_GOAL OF THE EXERCISE_: Should the listing contain images, exclude them; give the rest again exactly.

_DATA BLOCK_:

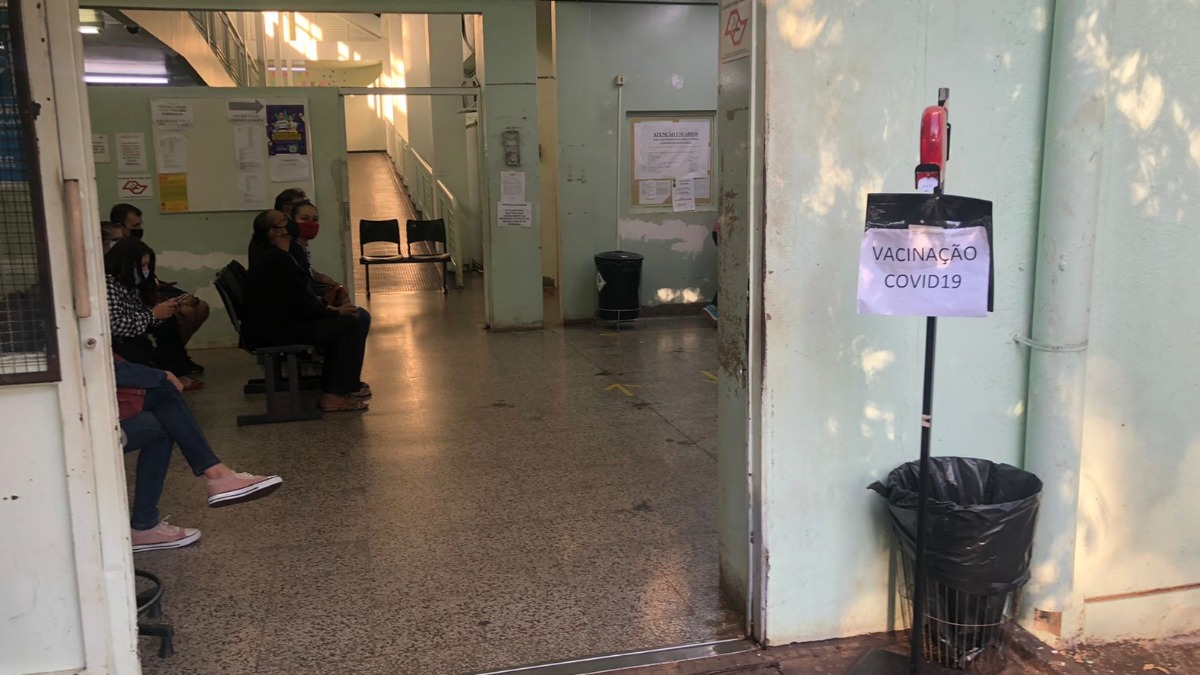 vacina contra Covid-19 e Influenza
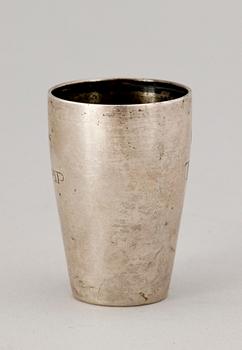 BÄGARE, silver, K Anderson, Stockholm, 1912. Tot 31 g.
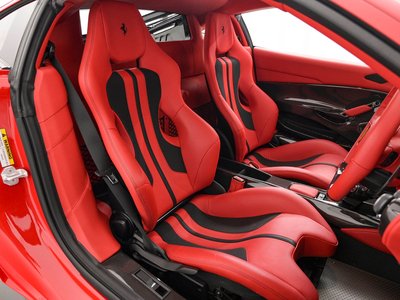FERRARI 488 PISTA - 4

_FINAL ANSWER_:
 vacina contra Covid-19 e Influenza
 BÄGARE, silver, K Anderson, Stockholm, 1912. Tot 31 g.
FERRARI 488 PISTA - 4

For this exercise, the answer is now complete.